At its core, empathy is the ability to imagine what someone else is thinking and feeling, and then to respond in a way that shows you understand. It means putting yourself in a student’s shoes long enough to see the process through their eyes, not just through your marketing plan. Listen with curiosity, validate what you hear, and remember that what feels routine to us often feels monumental to them.

How can we develop empathy for our audiences? Well, we have to take a step back from the information we need to send and uncover what our audience might be feeling. Empathy maps help us do just that.

It’s a simple framework, but it forces us to slow down and ask the right questions. What are students thinking as they move through the process? What facts are they chasing, what tasks are they trying to complete? What are they seeing, not just in our communications, but in their social feeds, in conversations with friends, and in the world around them? What are they doing every day, and how do college search tasks fit into lives already filled with school, jobs, and family obligations? And most importantly, what are they feeling as they carry all of that?

The answers to these questions won’t be the same for every group of students, which is why the exercise works best when we do it with them.

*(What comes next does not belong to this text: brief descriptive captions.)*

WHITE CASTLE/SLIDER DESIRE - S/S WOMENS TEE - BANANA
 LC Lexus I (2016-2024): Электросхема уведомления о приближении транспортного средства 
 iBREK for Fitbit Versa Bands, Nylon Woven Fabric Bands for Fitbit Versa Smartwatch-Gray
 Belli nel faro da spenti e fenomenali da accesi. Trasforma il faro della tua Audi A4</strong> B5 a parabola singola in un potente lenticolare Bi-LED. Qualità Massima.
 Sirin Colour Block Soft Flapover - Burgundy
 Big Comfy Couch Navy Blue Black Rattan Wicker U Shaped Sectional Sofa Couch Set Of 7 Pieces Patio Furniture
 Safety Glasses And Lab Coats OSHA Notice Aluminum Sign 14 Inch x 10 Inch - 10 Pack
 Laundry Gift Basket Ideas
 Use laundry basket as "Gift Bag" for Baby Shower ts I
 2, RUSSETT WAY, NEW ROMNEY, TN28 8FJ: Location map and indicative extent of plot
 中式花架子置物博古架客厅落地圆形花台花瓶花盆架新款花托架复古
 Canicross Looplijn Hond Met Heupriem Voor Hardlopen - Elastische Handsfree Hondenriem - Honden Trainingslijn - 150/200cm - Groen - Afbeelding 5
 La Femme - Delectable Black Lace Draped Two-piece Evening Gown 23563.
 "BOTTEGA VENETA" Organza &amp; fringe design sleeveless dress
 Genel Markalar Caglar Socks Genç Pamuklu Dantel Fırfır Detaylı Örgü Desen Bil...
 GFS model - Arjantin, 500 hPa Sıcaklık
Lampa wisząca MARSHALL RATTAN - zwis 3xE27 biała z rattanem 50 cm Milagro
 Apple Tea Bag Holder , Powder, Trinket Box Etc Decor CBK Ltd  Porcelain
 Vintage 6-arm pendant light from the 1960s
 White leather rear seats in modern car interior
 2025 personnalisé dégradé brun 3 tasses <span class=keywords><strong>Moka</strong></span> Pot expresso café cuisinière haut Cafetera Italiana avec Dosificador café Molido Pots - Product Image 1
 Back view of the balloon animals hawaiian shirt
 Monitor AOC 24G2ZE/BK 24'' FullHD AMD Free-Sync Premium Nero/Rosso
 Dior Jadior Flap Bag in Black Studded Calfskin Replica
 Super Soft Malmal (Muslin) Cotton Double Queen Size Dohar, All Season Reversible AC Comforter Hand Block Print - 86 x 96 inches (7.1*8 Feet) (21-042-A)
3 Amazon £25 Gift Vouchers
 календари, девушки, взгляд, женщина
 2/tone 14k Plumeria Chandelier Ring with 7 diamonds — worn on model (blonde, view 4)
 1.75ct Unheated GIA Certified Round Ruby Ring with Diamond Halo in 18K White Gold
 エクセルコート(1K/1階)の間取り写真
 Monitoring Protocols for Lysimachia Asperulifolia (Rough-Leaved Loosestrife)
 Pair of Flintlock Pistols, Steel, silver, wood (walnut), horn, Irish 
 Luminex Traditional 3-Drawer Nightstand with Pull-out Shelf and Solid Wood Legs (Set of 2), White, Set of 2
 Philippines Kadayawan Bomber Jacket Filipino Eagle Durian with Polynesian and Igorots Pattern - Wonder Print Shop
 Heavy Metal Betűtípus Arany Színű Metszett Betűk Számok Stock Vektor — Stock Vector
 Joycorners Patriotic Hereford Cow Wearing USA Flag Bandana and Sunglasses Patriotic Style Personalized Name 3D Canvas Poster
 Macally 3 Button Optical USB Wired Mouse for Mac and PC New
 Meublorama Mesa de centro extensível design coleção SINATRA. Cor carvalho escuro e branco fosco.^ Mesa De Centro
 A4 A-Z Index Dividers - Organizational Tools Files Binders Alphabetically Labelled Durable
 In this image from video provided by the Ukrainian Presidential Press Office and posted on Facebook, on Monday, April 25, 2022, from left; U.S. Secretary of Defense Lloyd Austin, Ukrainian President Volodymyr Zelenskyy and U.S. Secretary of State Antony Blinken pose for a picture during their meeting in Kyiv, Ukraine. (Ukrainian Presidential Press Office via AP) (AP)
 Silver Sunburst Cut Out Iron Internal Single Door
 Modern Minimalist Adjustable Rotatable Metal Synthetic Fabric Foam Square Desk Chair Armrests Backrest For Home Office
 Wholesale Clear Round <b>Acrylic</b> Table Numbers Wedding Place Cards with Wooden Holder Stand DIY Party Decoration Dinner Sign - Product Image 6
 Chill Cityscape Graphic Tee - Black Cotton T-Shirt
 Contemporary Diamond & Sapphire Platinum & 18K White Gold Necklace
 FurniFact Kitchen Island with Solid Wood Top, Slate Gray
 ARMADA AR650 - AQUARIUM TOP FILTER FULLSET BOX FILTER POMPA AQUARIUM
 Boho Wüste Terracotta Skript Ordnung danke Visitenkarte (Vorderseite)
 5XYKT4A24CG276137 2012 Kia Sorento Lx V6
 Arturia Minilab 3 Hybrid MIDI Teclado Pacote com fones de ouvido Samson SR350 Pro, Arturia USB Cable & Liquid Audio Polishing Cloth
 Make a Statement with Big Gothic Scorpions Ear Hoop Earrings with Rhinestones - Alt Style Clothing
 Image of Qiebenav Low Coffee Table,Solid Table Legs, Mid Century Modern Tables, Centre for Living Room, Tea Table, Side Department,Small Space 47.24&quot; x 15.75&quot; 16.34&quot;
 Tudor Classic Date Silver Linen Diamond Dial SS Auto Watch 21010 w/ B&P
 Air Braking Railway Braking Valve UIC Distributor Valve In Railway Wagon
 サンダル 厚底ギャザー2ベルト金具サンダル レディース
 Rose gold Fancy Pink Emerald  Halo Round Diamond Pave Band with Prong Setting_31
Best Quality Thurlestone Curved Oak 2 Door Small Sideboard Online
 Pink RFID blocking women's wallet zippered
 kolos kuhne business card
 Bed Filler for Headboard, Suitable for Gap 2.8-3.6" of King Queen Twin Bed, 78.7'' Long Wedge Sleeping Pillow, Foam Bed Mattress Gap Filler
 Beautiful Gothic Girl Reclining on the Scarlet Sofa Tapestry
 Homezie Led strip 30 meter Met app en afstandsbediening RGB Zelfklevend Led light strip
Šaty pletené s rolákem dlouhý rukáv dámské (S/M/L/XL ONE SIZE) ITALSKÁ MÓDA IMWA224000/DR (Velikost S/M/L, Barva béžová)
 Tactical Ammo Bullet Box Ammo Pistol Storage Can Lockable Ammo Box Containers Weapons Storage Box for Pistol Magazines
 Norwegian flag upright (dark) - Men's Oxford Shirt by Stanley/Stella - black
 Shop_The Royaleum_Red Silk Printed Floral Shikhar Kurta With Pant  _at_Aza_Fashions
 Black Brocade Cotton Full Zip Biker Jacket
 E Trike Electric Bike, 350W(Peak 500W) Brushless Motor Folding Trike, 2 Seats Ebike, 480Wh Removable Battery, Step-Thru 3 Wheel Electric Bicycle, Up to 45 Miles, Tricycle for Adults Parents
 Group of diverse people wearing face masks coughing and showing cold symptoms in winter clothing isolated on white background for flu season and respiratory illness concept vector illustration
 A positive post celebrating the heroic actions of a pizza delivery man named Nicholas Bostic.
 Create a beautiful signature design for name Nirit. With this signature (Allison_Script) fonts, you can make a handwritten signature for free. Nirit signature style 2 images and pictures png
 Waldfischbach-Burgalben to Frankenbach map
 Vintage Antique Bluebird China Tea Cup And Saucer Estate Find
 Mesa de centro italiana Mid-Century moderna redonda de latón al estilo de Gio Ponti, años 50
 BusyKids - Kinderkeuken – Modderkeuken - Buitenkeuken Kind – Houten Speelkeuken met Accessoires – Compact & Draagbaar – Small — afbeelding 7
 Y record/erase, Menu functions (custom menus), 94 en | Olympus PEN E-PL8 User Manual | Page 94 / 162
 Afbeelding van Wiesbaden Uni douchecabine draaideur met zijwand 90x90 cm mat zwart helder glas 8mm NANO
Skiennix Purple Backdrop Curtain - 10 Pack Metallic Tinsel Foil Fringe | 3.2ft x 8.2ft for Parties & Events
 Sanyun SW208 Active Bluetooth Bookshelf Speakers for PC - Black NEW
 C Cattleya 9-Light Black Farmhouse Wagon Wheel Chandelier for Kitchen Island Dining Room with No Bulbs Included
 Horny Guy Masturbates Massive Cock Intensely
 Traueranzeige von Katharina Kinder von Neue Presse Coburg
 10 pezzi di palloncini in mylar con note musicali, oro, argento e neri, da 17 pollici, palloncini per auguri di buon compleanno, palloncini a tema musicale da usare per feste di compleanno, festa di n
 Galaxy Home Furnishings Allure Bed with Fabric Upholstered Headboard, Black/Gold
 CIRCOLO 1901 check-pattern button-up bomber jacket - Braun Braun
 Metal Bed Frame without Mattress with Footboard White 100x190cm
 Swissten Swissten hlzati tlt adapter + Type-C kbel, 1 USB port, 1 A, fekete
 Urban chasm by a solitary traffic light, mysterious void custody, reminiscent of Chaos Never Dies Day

Focus groups, one-on-one interviews, even quick surveys can help uncover what students are really experiencing. And when you map those experiences segment by segment, you begin to see not just what information students need, but how that information will land in the middle of everything else they’re thinking, seeing, doing, and feeling.

How Students Feel vs. How We Talk

Here’s where things get fun. Let’s connect this back to the enrollment funnel. 

Students are feeling so much through this process, and it isn’t all rosy. At first, they’re dreaming, maybe optimistic, but also hesitant. They get progressively more confused, anxious, and overwhelmed, with a few moments of elation in between. Then they oscillate from excited to terrified, happy to sad.

Here’s what this roller coaster of emotions might look like for them.

And yet, here’s how we communicate.

A student deep in anxiety might receive an upbeat message about how their residence hall has air conditioning. A student grieving the idea of leaving friends and family might get a presumptuous email declaring that “the rest of your life starts now.” A student worried sick about affordability might be told that “millions in scholarships are available,” without any clarity about what that means for them personally.

The gap between what students are feeling and what we’re saying is wider than we realize. And without empathy, our messages risk sounding tone-deaf or even alienating.

How Do We Add Empathy?

It’s really simple, actually.

It starts by remembering that communication is sharing information to them and sharing the moment with them. If students are anxious, name it. If they’re excited, celebrate with them. If the process feels overwhelming, acknowledge that complexity instead of glossing over it. Empathy doesn’t mean adding sentimentality where it doesn’t belong; it means meeting students where they are emotionally and walking alongside them, rather than speaking at them from a distance.

That shift doesn’t require new technology or extra resources. It requires attention, honesty, and a willingness to see the process through a student’s eyes.

The Bottom Line

At the end of the day, information alone doesn’t build connection. In fact, if all we send are facts and deadlines, we risk sounding like every other institution in a student’s inbox. Empathy is what transforms a message into a conversation. It’s what takes a transactional process and makes it feel like someone is actually paying attention.

The goal is empathy because this is a life-changing moment for them, and they deserve to feel seen while they navigate it.